题目:
In the "100 game," two players take turns adding, to a running total, any integer from 1..10. The player who first causes the running total to reach or exceed 100 wins.
What if we change the game so that players cannot re-use integers?
For example, two players might take turns drawing from a common pool of numbers of 1..15 without replacement until they reach a total >= 100.
Given an integer maxChoosableInteger
and another integer desiredTotal
, determine if the first player to move can force a win, assuming both players play optimally.

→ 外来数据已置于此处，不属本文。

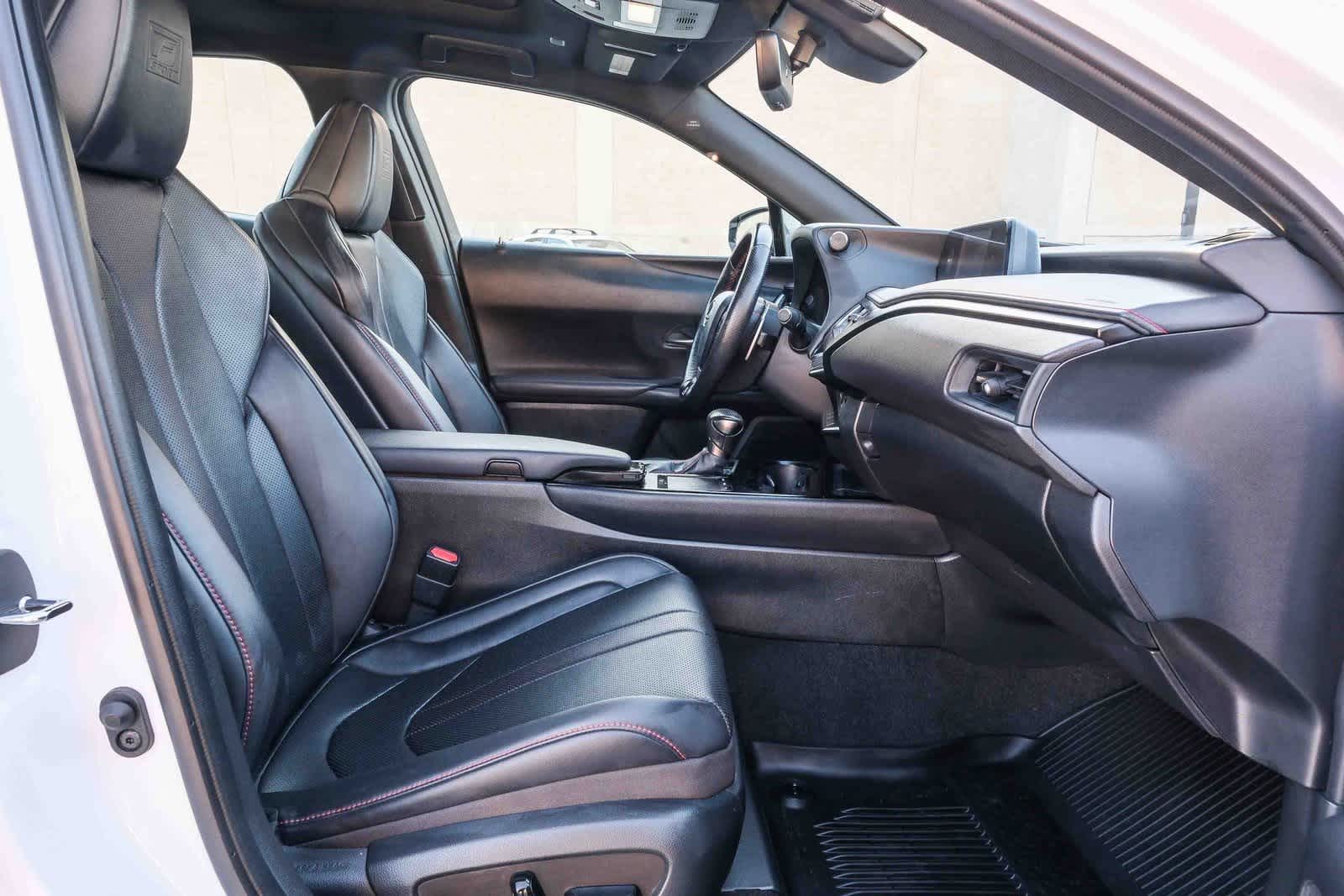 Thumbnail: 2019 Lexus UX - 18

You can always assume that maxChoosableInteger
will not be larger than 20 and desiredTotal
will not be larger than 300.
Example
Input: maxChoosableInteger = 10 desiredTotal = 11 Output: false Explanation: No matter which integer the first player choose, the first player will lose. The first player can choose an integer from 1 up to 10. If the first player choose 1, the second player can only choose integers from 2 up to 10. The second player will win by choosing 10 and get a total = 11, which is >= desiredTotal. Same with other integers chosen by the first player, the second player will always win.
代码:
class Solution {
public:
bool canIWin(int maxChoosableInteger, int desiredTotal) {
if (maxChoosableInteger >= desiredTotal) return true;
if (maxChoosableInteger * (maxChoosableInteger + 1) / 2 < desiredTotal) return false;
unordered_map<int, bool> m;
return canWin(maxChoosableInteger, desiredTotal, 0, m);
}
bool canWin(int length, int total, int used, unordered_map<int, bool>& m) {
if (m.count(used)) return m[used];
for (int i = 0; i < length; ++i) {
int cur = (1 << i);
if ((cur & used) == 0) {
if (total <= i + 1 || !canWin(length, total - (i + 1), cur | used, m)) {
m[used] = true;
return true;
}
}
}
m[used] = false;
return false;
}
};
思路:
如果maxchoosableInteger>=desiredInteger,那么返回true,第一个人可以赢;如果maxchoosable*(maxchoosable+1)/2<desiredInteger,那么返回false,谁也赢不了。下面调用一个递归,参数total表示desiredtotal,used记录i有没有被用过,使用位运算进行记录,维持一个字典,这个字典表示给定的used是否能用,返回记录。